My final weekend at Loyola House.
Returning to Berkley today after a couple weeks away in Chicago, Omena and Clarkston, I received an unwelcome surprise: a summons for jury duty. Don't get my wrong - I regard jury duty as a high civic obligation, and under other circumstances I'd be happy to receive the notice. In this case, however, the Oakland County Jury Clerk asked me to report for duty on the last day of August - at which point I'll be a few days into my first semester of philosophy studies at Fordham. A call to the county courthouse revealed that I would be relieved of my obligation so long as I could provide documentary evidence of my imminent move to New York. Though I had little difficulty gathering the necessary documents, the task took up most of an afternoon that I had hoped would be devoted to packing for next week's move. As a result, I anticipate a busy night of packing and an even busier day tomorrow as my Bronx-bound companions and I begin the task of loading the U-Haul truck that will take our meager temporal goods to New York. Your prayers for this endeavor are earnestly appreciated.
Omena was fun. The Traverse City Film Festival is in its second year, and though many of the films I wanted to see were sold out I made it to three showings - I saw A Clockwork Orange and Dr.
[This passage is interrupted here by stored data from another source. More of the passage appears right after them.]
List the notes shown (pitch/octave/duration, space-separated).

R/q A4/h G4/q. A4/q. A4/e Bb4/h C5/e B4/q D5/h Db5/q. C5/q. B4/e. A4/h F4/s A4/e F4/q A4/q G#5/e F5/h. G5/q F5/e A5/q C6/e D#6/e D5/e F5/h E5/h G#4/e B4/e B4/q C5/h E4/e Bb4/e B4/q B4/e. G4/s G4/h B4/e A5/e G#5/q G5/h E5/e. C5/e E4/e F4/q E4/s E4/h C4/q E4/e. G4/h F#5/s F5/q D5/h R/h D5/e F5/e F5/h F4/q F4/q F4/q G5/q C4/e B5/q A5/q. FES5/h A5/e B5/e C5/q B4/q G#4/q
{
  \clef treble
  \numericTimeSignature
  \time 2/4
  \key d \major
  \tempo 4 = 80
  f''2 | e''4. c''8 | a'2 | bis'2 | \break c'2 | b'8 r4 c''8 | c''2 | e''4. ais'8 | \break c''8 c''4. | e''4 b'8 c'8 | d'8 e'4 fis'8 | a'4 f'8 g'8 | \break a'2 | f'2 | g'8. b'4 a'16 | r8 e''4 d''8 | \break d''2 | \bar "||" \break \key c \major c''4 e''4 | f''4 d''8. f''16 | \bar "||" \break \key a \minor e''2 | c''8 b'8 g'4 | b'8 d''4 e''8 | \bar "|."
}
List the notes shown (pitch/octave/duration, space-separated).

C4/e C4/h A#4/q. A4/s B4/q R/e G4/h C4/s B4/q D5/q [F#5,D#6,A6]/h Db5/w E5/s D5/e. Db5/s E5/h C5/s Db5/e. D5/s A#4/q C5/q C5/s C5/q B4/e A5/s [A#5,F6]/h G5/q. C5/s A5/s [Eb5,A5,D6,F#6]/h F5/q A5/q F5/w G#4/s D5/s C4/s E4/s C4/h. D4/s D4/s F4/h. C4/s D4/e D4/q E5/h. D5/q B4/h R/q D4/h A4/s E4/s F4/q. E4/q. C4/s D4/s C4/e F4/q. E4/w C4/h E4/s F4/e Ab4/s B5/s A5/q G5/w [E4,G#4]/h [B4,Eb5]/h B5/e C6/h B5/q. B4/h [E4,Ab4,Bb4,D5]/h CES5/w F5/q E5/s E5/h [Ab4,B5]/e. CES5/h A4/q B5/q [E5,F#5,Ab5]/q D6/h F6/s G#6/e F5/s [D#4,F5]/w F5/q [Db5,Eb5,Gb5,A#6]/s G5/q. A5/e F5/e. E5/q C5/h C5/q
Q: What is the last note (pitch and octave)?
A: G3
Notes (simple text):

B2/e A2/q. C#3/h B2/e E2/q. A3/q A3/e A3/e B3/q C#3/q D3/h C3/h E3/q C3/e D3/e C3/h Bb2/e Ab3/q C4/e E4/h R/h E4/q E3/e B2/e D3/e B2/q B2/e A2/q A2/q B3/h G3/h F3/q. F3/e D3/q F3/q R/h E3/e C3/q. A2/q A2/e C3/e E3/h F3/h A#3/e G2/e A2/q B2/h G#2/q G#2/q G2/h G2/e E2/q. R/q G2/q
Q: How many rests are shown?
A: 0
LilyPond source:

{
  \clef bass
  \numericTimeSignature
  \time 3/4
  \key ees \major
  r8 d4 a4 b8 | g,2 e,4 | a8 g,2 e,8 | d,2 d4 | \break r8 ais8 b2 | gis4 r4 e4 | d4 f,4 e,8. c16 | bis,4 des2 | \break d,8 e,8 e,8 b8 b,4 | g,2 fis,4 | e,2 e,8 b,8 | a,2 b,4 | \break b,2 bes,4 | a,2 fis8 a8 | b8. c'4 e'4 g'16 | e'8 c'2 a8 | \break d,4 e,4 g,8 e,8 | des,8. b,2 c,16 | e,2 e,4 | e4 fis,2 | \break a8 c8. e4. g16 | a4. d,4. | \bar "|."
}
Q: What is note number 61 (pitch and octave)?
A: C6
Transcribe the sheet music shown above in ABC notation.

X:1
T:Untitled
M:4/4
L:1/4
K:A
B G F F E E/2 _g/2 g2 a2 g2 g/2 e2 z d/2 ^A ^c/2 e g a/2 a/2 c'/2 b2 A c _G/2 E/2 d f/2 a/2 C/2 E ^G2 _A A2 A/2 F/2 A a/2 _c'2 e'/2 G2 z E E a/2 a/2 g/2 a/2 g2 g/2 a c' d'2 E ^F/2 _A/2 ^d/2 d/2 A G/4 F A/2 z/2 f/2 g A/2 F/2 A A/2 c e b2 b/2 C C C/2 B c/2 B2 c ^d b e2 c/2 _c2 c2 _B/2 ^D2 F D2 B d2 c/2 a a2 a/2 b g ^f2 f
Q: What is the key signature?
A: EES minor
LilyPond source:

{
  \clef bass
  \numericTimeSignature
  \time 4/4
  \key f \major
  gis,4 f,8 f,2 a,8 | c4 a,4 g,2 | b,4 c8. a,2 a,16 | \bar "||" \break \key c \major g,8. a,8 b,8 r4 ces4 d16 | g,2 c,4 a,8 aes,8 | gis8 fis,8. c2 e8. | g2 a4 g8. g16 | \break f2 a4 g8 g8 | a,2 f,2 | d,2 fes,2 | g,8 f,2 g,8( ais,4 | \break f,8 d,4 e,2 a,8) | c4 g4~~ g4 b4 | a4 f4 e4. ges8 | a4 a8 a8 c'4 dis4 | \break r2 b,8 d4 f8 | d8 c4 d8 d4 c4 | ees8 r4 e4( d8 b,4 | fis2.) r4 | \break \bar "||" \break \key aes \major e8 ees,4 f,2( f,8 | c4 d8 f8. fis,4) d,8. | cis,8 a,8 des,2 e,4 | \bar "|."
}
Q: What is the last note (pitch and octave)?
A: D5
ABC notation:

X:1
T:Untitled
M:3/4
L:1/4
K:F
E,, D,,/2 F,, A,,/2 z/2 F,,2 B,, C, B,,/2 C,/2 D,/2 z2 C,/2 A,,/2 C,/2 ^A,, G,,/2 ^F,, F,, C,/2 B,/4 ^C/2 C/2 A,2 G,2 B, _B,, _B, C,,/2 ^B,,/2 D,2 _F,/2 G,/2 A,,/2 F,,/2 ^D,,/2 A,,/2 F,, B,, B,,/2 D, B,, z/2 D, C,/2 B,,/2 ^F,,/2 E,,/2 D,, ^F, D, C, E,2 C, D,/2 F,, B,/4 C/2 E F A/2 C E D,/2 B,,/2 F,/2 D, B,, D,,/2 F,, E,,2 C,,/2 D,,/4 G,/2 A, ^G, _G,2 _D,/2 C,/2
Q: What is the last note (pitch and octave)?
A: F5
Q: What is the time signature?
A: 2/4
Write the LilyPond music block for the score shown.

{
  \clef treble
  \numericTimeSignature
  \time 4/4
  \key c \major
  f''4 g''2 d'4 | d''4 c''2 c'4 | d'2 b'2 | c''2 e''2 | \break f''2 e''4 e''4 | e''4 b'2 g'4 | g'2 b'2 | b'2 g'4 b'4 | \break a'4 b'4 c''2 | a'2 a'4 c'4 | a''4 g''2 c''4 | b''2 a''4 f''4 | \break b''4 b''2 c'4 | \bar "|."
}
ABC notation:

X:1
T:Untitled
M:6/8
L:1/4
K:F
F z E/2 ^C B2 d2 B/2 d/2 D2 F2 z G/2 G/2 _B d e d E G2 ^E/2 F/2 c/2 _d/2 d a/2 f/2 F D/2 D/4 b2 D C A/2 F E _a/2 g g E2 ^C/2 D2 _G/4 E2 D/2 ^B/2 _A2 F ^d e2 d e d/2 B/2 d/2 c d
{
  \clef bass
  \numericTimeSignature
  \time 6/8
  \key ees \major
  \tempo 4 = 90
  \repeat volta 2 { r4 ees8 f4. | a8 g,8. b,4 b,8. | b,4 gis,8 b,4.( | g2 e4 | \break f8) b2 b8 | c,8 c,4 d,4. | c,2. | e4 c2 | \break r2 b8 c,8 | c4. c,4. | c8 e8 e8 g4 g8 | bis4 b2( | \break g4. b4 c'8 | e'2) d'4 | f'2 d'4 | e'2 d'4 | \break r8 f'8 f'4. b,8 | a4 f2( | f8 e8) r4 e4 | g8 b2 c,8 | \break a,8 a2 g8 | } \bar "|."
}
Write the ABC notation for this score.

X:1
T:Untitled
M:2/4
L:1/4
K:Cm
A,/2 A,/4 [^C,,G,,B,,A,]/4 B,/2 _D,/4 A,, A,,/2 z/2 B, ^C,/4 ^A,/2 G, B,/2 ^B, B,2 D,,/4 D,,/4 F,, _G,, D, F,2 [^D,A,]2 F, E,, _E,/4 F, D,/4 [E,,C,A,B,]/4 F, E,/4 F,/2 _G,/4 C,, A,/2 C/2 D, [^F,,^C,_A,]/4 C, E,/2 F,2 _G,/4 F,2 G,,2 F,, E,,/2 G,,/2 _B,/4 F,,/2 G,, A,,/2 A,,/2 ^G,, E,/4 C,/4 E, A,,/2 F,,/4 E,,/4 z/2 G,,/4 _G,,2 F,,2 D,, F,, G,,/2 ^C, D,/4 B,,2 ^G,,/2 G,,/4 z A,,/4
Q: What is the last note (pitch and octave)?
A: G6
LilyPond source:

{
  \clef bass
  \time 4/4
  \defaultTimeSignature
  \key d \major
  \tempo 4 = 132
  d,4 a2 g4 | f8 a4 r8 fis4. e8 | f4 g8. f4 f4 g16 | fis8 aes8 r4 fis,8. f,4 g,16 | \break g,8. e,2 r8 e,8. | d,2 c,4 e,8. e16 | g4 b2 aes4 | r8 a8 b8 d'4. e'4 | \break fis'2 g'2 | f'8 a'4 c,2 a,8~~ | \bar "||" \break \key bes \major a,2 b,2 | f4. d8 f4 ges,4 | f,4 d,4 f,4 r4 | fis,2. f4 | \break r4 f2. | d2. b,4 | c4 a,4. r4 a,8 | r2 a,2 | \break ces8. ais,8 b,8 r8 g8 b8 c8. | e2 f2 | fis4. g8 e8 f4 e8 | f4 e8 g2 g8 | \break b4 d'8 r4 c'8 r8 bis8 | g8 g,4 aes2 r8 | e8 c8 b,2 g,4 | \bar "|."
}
Strangelove, both offered as part of a Stanley Kubrick retrospective, as well as the acclaimed and controversial Palestinian drama Paradise Now. This past Sunday I and a couple other Jesuits attended Mass at the Carmelite Monastery of the Infant Jesus of Prague in Traverse City, which seems a bit stricter than the two or three other Discalced Carmelite communities I've encountered in the past. Though I expected the cloistered nuns at the monastery to remain in their private oratory during the Mass, I also presumed they'd be visible through the grille at some point during the liturgy - during communion, for example. This was not to be the case; in Traverse City, the Carmelites are heard but apparently never seen. The nuns sang throughout the Mass, but they did so from within an oratory with a window small enough that they could see out but no one else could see in. This presented an interesting contrast with my experiences at Santa Clara - where I was able to enjoy a friendly chat with a couple of the sisters in the sacristy after Mass - and in Cusco, where I briefly glimpsed a Carmelite in full habit opening and closing the monastery door. For what it's worth, I'm glad I had a chance to see something of the Carmelite presence in Northern Michigan, even if I didn't actually see any Carmelites.
(Addendum, 10/24/06: I've noticed that a lot of visitors have come to this page through Google searches for Mass times at the Carmelite Monastery in Traverse City. Therefore, as a public service I'm posting those times, with the caution that I am not responsible for any changes in schedule that may have been adopted since my visit. As of August 2006, the Carmelite Monastery in Traverse City had Mass on Sundays at 7.30 am and weekdays at 6.50 am. To be on the safe side, readers thinking of going to Mass with the Carmelites should call the monastery at (231) 946-4960 to confirm these times.)
My retreat at Colombiere was pretty low-key. The focus of the three days was to prepare spiritually for the experience of making first vows this coming Sunday. I suppose I'm as ready as I'm going to be to take vows, though I don't know exactly how I'll feel until I'm actually kneeling on the floor of Gesu Church reading the vow formula that I carefully wrote out by hand last night. As the hours before the ceremony become fewer, I feel a sense of increasing excitement regarding the commitment I'm about to make and the challenges that lie ahead. At the same time, I also feel a bit apprehensive about all the tasks I need to complete over the next few days. Professing perpetual vows of chastity, poverty and obedience is, to put it simply, a big deal. In ways banal and concrete, preparing to move from Detroit to New York is also a big deal, as is the prospect of being a full-time student again after two years out of school. My prayer for the next few days is that God will give me and my brother novices the strength to do all that we must do. More than ever, your prayerful support is needed and appreciated. AMDG.